The SU carb is best known for its automotive applications, but it wasn’t always this way. With the outbreak of the Second World War, SU halted road car applications, instead turning its attention to aircraft. SUs became standard fitment to the Rolls-Royce Merlin engine which powered the legendary Hurricane and Spitfire fighter planes. ​So far so good. Then came a ‘hiccup’. In more ways than one.

In situations known as negative gravity, in other words, when Spitfire and Hurricane pilots pitched the nose of the aircraft hard down into a steep dive, fuel was forced up into the top of the SU’s float chamber. This manoeuvre meant insufficient fuel reached the engine leading to a temporary, but critical loss of power.

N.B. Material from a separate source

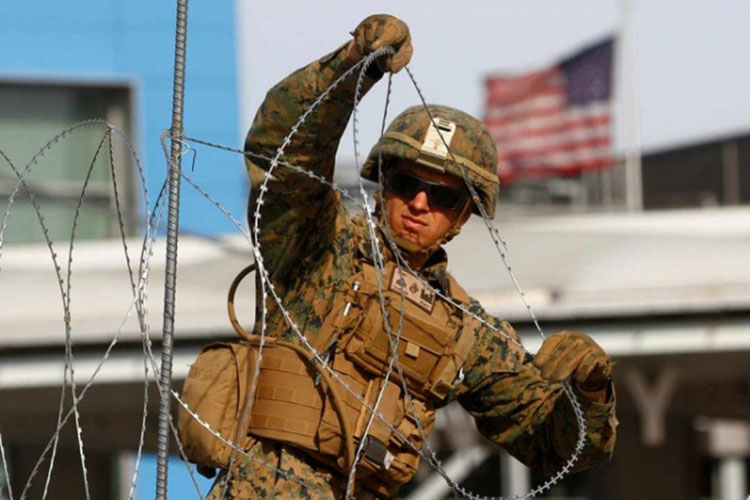 EU ve militarización de frontera como ‘entrenamiento de guerra’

During the pivotal cat and mouse battles over France and Britain, the enemy fighters exploited this weakness. The opposition aircraft had fuel injected engines and therefore did not suffer from this negative gravity phenomenon. Their fuel injection pumps kept the fuel to the engine at a constant pressure allowing German pilots to pitch steeply forward while simultaneously cracking open the throttle. As the spluttering British aircraft attempted to follow, precious seconds were lost and many enemy aircraft escaped unscathed from an encounter with the most feared fighters of WWII.

Animated protests from pilots concentrated the minds of the boffins to find a much-needed solution. The War Office put its finest minds to the task. Exclusively, these were middle-aged men, including Cyril Lovesey of Rolls-Royce and A.D. Fisher of the Royal Aircraft Establishment. To their credit these men devised ingenious and complex technical solutions. To their chagrin the solutions were abject failures. Their intricate valves and regulators solved the lack of fuel, but this was only the start of the trouble. Their modifications caused the greater and far more dangerous problem of over-fuelling. Too much fuel choked the engine with the rich 100% octane fuel used by the RAF and the marvellous Merlin suddenly fell silent as it stalled in mid air.

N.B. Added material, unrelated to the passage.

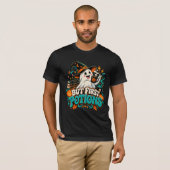T-shirt Acheter des potions en premier (Devant entier)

At the front line, the frustration of the pilots grew. In the absence of a solution by the Air Ministry, pilots devised their own workarounds that were not to be found in any technical manual, summed up nicely here by one pilot of the time:

When an enemy fighter dived behind us from height and fired, one could not immediately dive without the engine temporarily cutting out.  This could be avoided by rolling upside down, pulling back on the stick into a dive then rolling level. Similarly, on sighting a target below, one suffered momentarily if one pushed the nose down to attack. A grave disadvantage.”

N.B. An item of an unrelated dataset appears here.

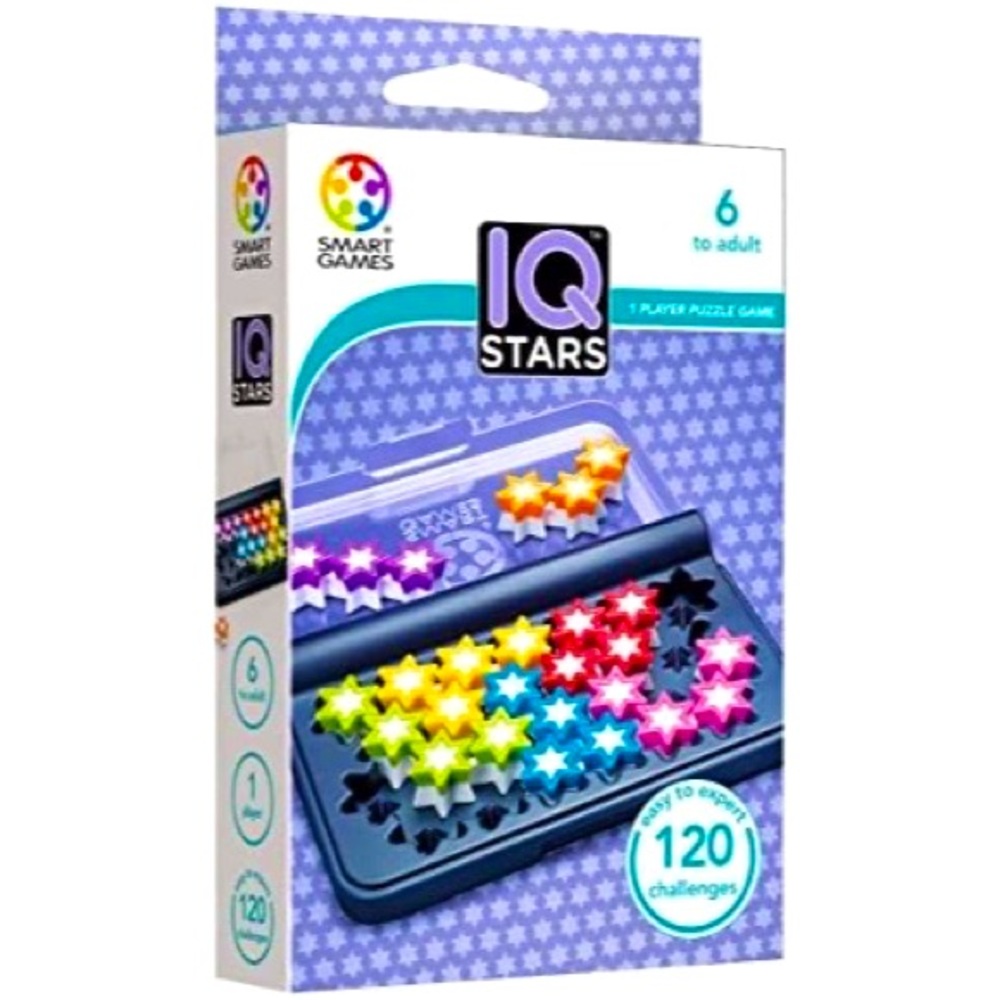 IQ Stars Skill-Building Travel Game NEW!!!!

The fundamental problem continued to be an intractable one.

Up stepped Beatrice Shilling. She returned to basics and started by working out the precise volume and pressure of fuel needed for the Merlin engine in different scenarios. Once this had been established, she designed and engineered the wonderfully simple solution of an air & fuel mixture restrictor. This was, in, essence a flat shim, with a hole in its centre. Like all the best solutions in may have been simple, but it needed to be carefully manufactured to precisely allow the maximum flow of fuel and air into the Merlin, giving maximum power, at the same time as preventing the flooding of the engine

Producing a brilliantly simple resolution was only half the battle. Many aircraft needing the fix were in service all over the country. Miss Shilling had an answer for that too. She set about organizing and leading a small group of trained engineers, she herself usually travelling solo on her Norton, to war torn airfields all over the country.

Crucially, Shilling’s solution could be fitted without the removal of major components, consequently the fix could be made in-situ at operational airfields quickly and with the minimum of downtime for the aircraft. Her appearance on her motorcycle with a bag of tools and easy manner became something of a legend. With typical war time humour, an engineering wag dubbed the unassuming drilled washer, “Miss Shillings Orifice”. The name stuck. As did her solution.

Beatrice Shilling, was a remarkably gifted woman. After the war ended, she went on to have a distinguished engineering career including working on the Blue Streak missile development programme and reducing the deadly risk of aircraft aquaplaning on wet runways. She held an honorary doctorate from the University of Surrey and was awarded an OBE in a New Year’s Honours list in 1948.

As if that wasn’t enough, she raced cars at Goodwood such as an Austin Healey Sebring and a Formula Junior single seater, with distinction. Perhaps her greatest accolade was to have the pub chain Wetherspoons name a pub after her in Farnborough in 2011.

We fancy she would have rather liked that.